_TASK_
All lines in the records below from the line with "Buy ZYST Friends" through the line with "レナウン celine L" are to be given again exactly, both ends included; the pictures are to be left out.
--- DATA EXCERPTS Enclosed Below ---
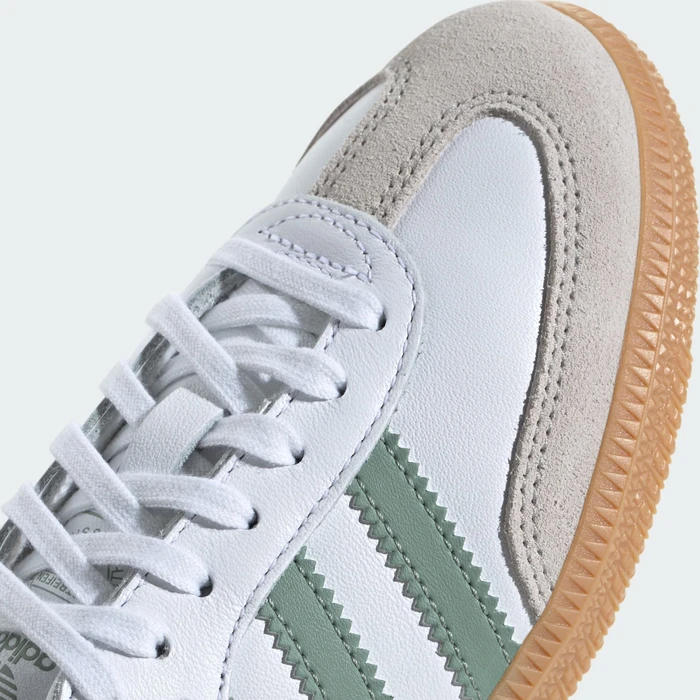 adidas Samba OG cloud white/silver green/gum (Junior)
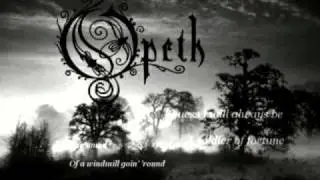 Opeth - Soldier of Fortune (Lyrics)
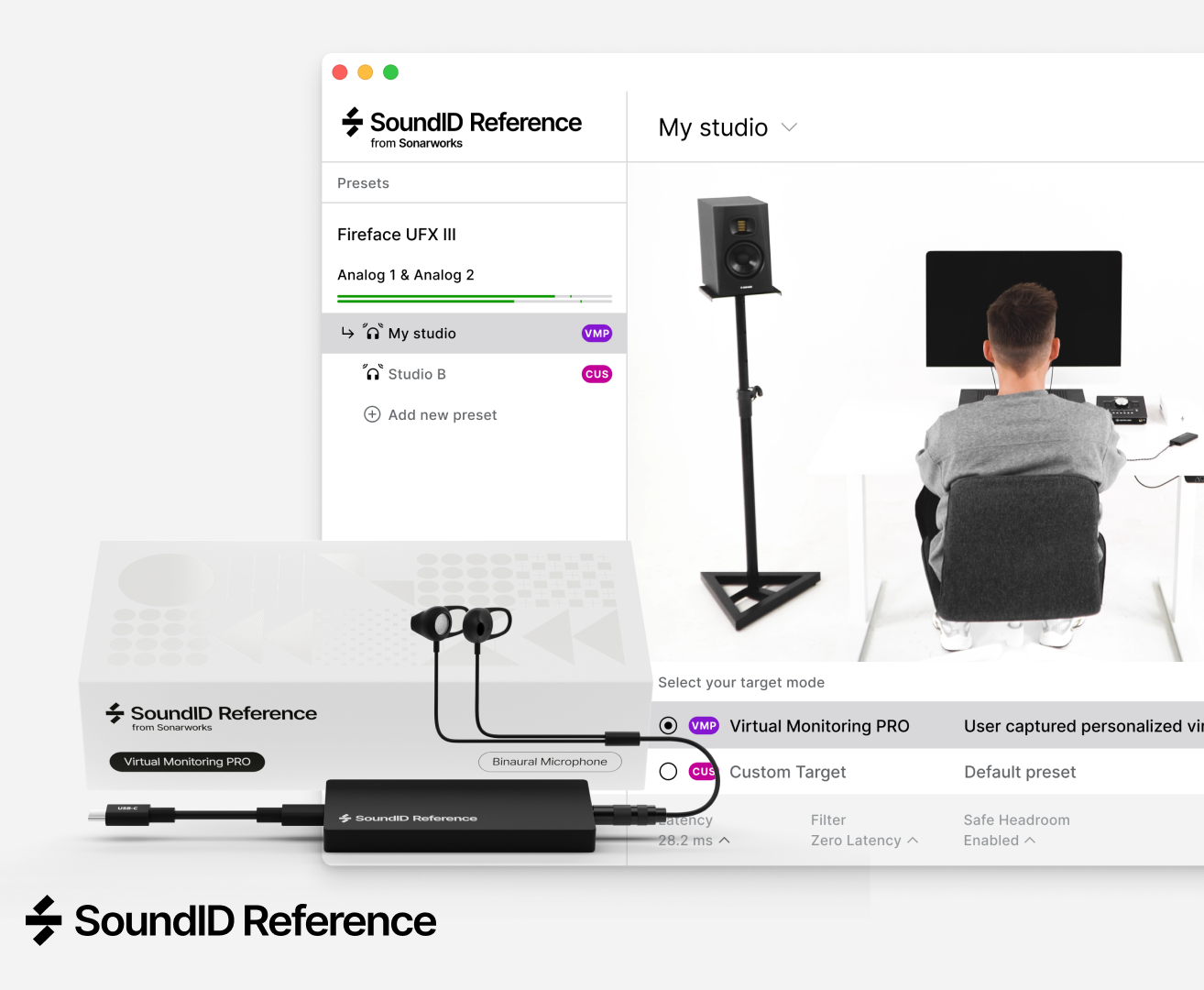 SoundID Reference Virtual Monitoring PRO with Binaural Measurement ...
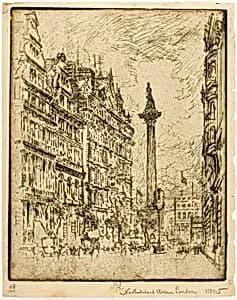 Northumberland Avenue by Joseph Pennell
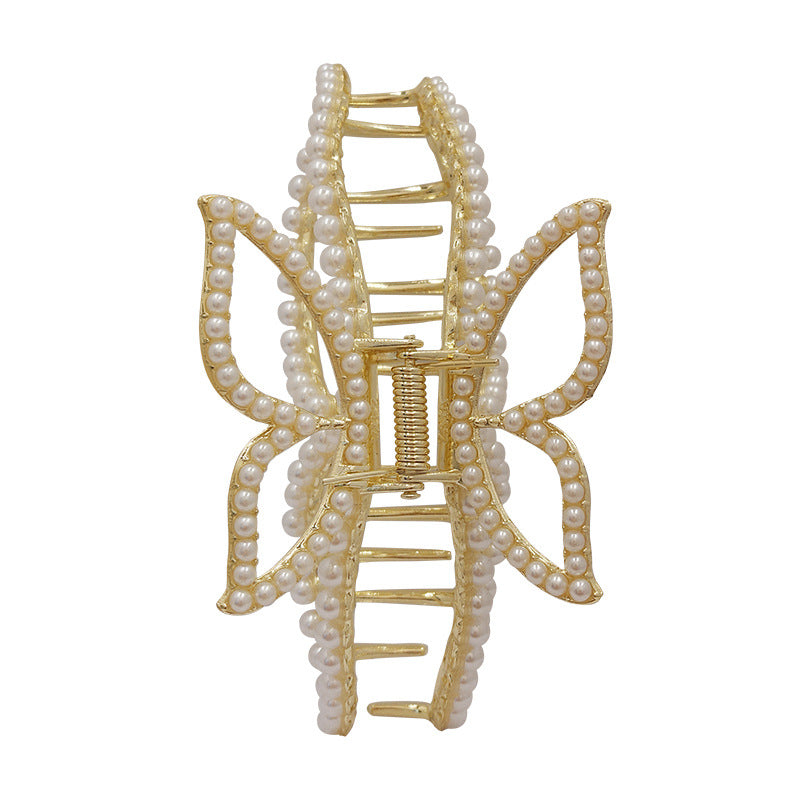 Women's New Temperament Pearl Butterfly Clip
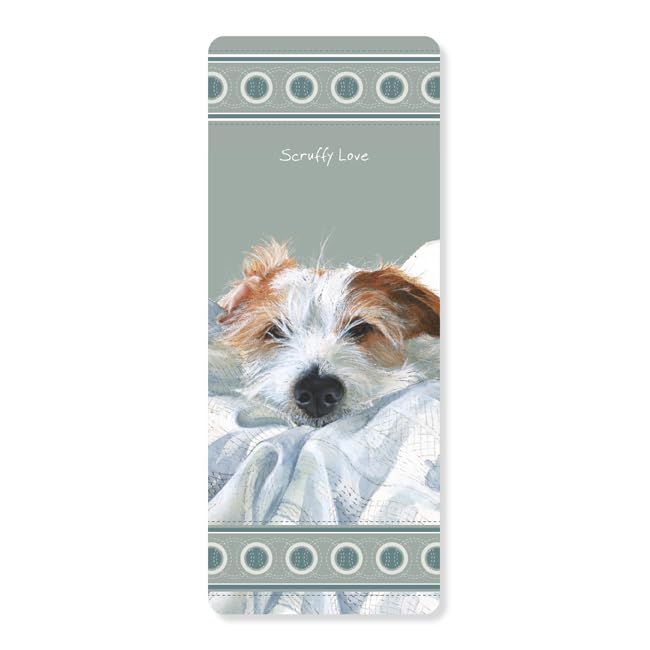 The Little Dog Laughed Bookmark - 'Scruffy Love' Wirehaired Jack Russell Terrier - Dog Themed Reading Accessory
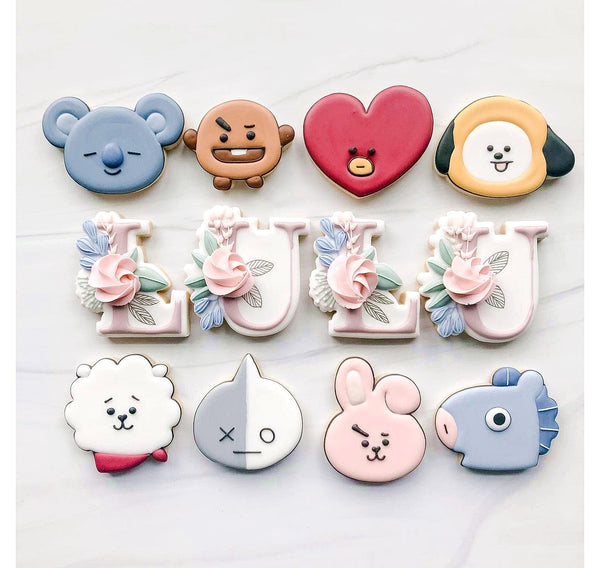 Buy ZYST Friends BT21 Cookie Plush Toy Cookie Character Plush Doll BTS  Surrounding Series Cookie Character Plush pop Kawaii Candy Plush Toy  Cartoon Image Pillow Gift 20 cm788 inch Online at Lowest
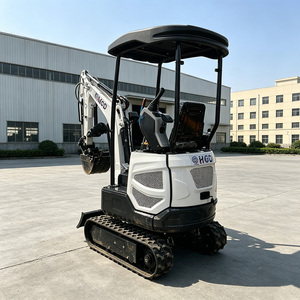 Mini-excavatrice hydraulique sur chenilles de 1 tonne, prix d'usine, fabricant - Product Image 1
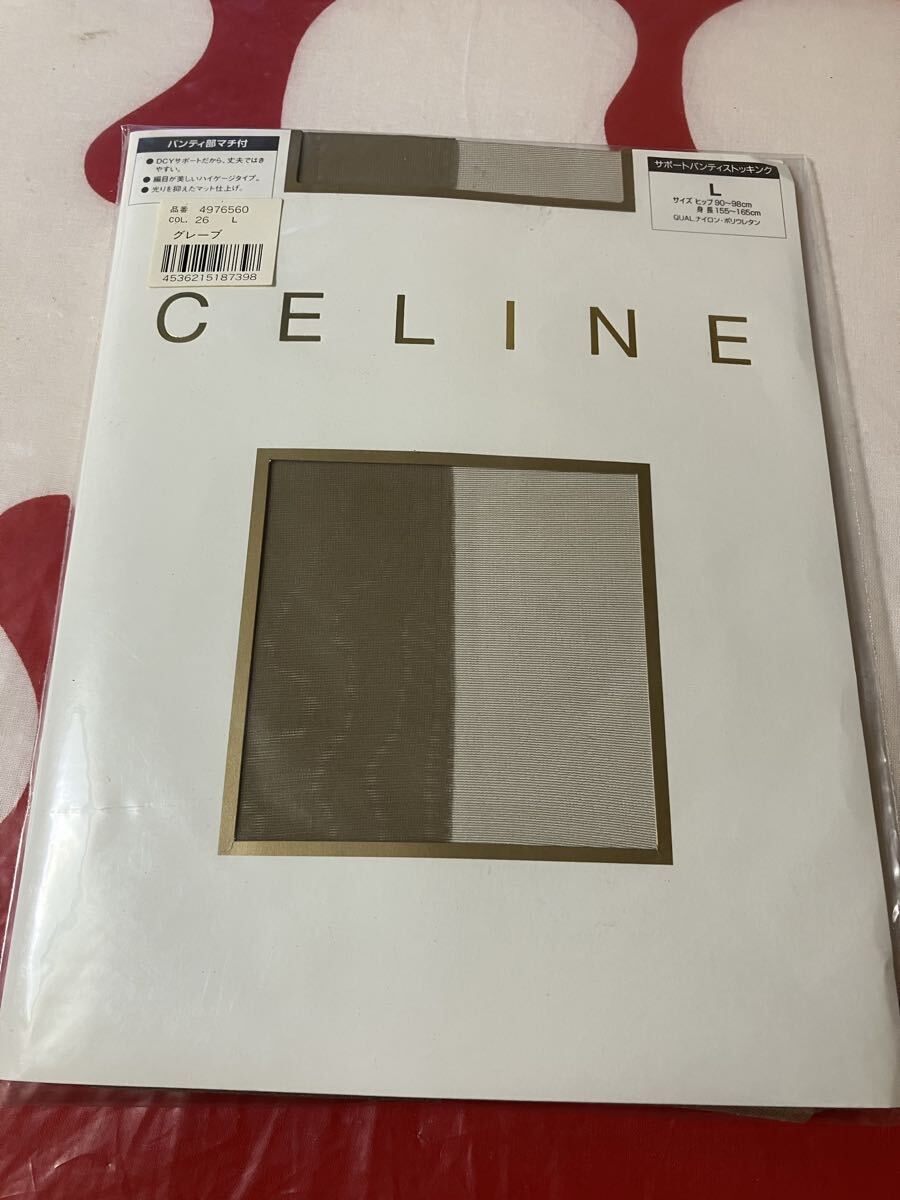 レナウン celine L パンティストッキング グレープ dcyサポート マチ付 ハイゲージ マット仕上げ セリーヌ パンスト panty stocking 丈夫拍卖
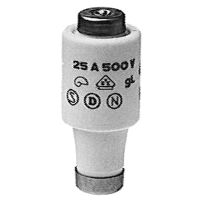 Wkładka bezpiecznikowa D 16A PSI DII 16A E27 gL/gG szara 050070 | 05100020 PROTEC.class
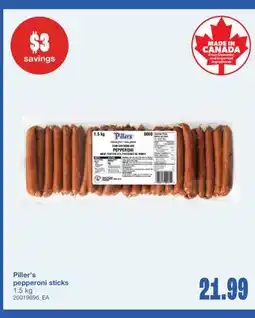 Wholesale Club PILLER'S PEPPERONI STICKS, 1.5 kg offer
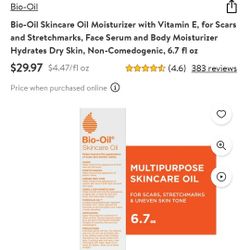 Bio Oil Skincare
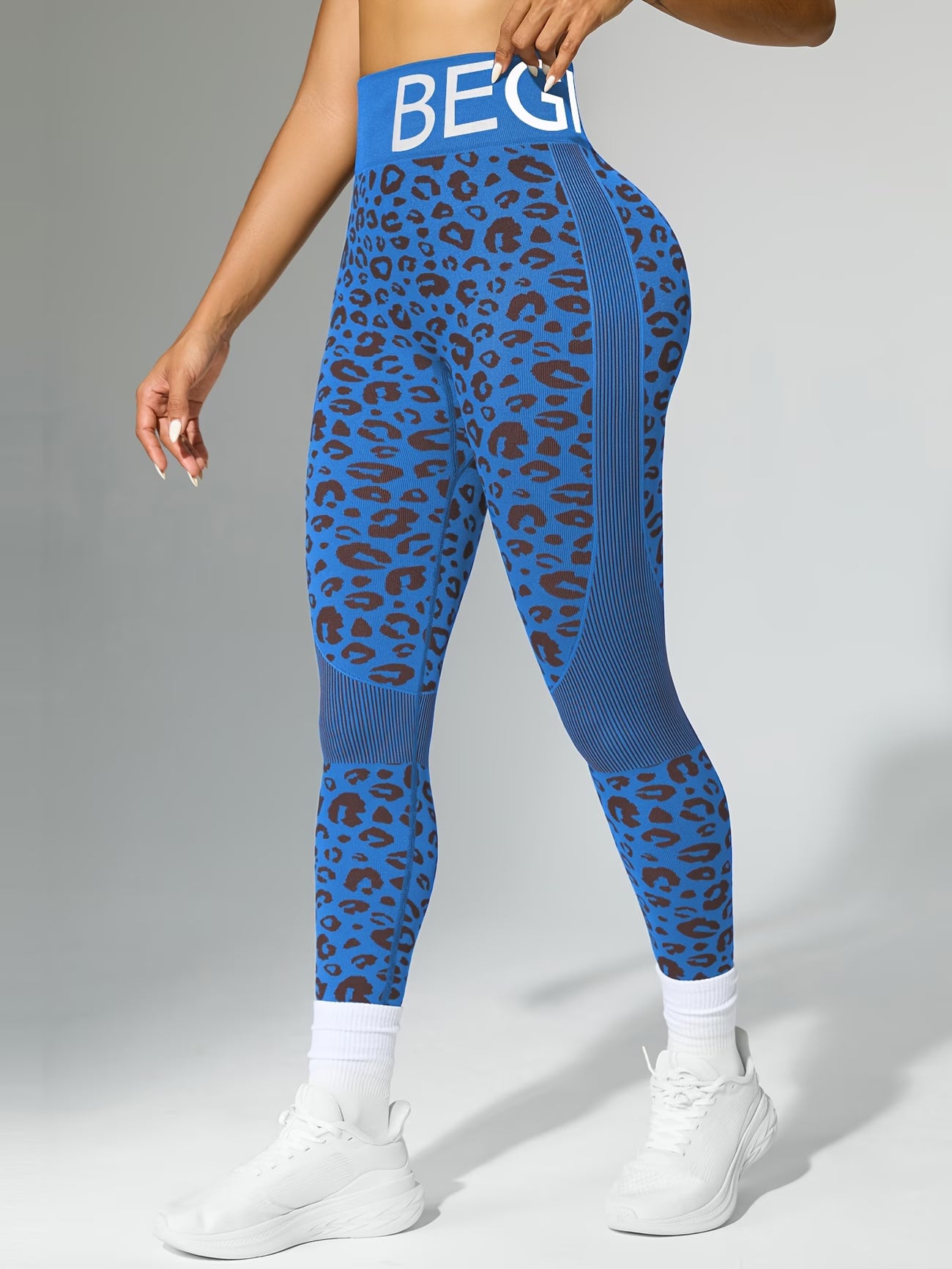 Leopard Print Performance Yoga Pants.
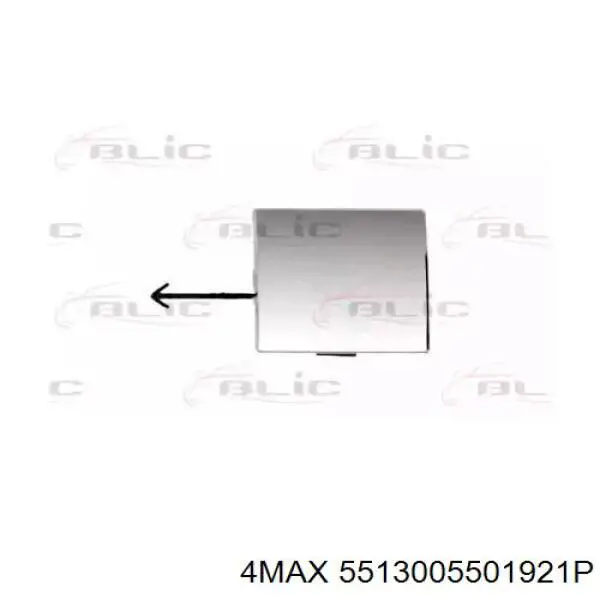 Zaślepka haku holowniczego zderzaka przednia Peugeot 107 hatchback (2005 - 2016) cena, od 23,70 USD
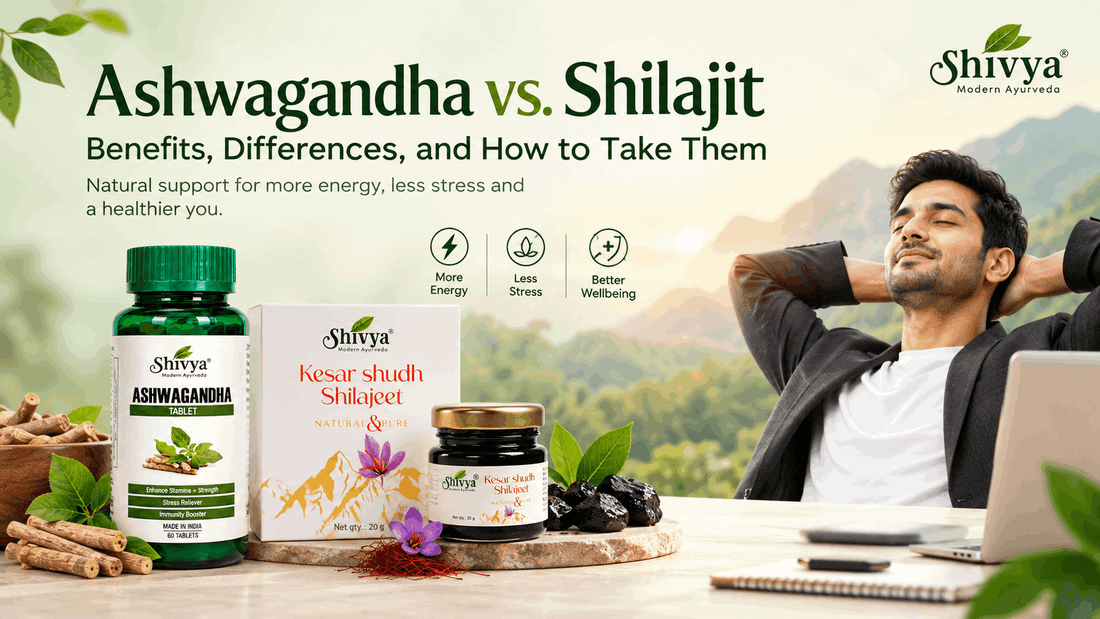Ashwagandha vs. Shilajit: Benefits, Differences, and How to Take Them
--- End of Enclosed DATA EXCERPTS ---
_SOLUTION BELOW_
 Buy ZYST Friends BT21 Cookie Plush Toy Cookie Character Plush Doll BTS  Surrounding Series Cookie Character Plush pop Kawaii Candy Plush Toy  Cartoon Image Pillow Gift 20 cm788 inch Online at Lowest
 Mini-excavatrice hydraulique sur chenilles de 1 tonne, prix d'usine, fabricant - Product Image 1
 レナウン celine L パンティストッキング グレープ dcyサポート マチ付 ハイゲージ マット仕上げ セリーヌ パンスト panty stocking 丈夫拍卖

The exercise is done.